Task to complete> Nothing but the lines from the one containing "(MBS) hotel Outdoor" through the end of the data below may appear in the response, each one exact.

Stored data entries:
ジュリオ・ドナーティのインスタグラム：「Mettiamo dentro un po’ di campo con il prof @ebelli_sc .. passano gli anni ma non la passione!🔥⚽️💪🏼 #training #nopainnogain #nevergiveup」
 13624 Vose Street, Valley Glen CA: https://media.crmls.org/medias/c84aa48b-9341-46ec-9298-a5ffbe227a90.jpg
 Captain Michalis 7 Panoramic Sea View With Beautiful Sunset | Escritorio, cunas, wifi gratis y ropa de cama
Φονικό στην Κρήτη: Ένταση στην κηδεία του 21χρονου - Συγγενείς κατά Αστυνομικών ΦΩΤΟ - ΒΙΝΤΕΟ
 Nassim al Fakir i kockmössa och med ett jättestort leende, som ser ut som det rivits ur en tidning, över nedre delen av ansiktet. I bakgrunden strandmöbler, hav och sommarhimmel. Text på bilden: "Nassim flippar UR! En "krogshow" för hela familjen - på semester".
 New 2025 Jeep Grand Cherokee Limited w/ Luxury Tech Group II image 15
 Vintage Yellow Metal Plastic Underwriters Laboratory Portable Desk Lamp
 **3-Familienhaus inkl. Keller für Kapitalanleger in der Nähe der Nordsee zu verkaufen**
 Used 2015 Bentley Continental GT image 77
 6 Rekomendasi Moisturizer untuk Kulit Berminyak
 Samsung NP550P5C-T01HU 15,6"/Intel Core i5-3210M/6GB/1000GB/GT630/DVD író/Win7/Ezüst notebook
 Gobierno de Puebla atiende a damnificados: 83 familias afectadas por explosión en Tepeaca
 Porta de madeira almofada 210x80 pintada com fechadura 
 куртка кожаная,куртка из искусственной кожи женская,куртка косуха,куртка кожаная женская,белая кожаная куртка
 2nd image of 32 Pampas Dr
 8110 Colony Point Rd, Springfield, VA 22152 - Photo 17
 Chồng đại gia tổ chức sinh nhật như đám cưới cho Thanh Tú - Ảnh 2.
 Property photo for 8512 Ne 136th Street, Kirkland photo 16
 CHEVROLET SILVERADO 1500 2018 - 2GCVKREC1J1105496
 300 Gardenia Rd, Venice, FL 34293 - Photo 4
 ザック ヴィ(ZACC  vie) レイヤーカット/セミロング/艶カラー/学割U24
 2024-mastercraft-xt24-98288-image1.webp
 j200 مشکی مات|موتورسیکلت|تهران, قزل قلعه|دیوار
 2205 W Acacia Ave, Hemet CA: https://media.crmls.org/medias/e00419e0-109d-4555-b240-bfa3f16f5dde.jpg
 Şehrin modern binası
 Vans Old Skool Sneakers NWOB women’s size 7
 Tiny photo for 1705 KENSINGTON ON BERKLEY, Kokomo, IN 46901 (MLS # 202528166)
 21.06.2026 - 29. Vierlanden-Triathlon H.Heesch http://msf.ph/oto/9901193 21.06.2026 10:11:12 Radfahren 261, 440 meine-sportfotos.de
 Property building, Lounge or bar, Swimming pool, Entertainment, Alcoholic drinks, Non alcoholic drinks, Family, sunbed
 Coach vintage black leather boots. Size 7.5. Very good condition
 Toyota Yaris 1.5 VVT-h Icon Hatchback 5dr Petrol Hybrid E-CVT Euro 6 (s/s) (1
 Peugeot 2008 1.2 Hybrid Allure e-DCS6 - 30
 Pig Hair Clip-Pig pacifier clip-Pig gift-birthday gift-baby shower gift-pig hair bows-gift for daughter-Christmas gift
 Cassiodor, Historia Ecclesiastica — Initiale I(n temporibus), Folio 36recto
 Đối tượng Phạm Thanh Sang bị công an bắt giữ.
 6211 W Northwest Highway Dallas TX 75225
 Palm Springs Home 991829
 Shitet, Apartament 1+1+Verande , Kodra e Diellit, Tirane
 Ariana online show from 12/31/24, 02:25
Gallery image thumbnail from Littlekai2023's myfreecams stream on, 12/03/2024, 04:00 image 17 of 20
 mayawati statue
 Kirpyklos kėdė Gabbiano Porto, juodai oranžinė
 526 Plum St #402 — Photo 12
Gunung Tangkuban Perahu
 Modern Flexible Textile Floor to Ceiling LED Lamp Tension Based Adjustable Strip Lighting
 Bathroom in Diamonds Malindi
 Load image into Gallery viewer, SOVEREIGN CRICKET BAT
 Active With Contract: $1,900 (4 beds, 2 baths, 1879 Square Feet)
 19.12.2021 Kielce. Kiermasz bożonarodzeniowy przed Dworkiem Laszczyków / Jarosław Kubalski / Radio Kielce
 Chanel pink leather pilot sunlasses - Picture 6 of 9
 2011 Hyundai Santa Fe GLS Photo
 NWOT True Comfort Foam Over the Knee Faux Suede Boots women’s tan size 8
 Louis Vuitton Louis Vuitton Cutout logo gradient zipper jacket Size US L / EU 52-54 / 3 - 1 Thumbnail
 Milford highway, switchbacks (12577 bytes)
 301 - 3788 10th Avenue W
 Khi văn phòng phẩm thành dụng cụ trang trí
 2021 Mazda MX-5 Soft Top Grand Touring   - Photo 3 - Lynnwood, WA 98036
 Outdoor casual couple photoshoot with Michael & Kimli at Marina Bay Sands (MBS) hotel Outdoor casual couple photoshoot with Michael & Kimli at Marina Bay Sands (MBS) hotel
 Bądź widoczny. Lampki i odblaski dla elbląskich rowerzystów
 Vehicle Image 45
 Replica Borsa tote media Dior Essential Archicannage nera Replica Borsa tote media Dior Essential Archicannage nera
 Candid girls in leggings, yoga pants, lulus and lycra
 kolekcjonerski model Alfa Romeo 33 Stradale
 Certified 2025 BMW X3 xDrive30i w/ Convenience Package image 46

Task response>
 Outdoor casual couple photoshoot with Michael & Kimli at Marina Bay Sands (MBS) hotel Outdoor casual couple photoshoot with Michael & Kimli at Marina Bay Sands (MBS) hotel
 Bądź widoczny. Lampki i odblaski dla elbląskich rowerzystów
 Vehicle Image 45
 Replica Borsa tote media Dior Essential Archicannage nera Replica Borsa tote media Dior Essential Archicannage nera
 Candid girls in leggings, yoga pants, lulus and lycra
 kolekcjonerski model Alfa Romeo 33 Stradale
 Certified 2025 BMW X3 xDrive30i w/ Convenience Package image 46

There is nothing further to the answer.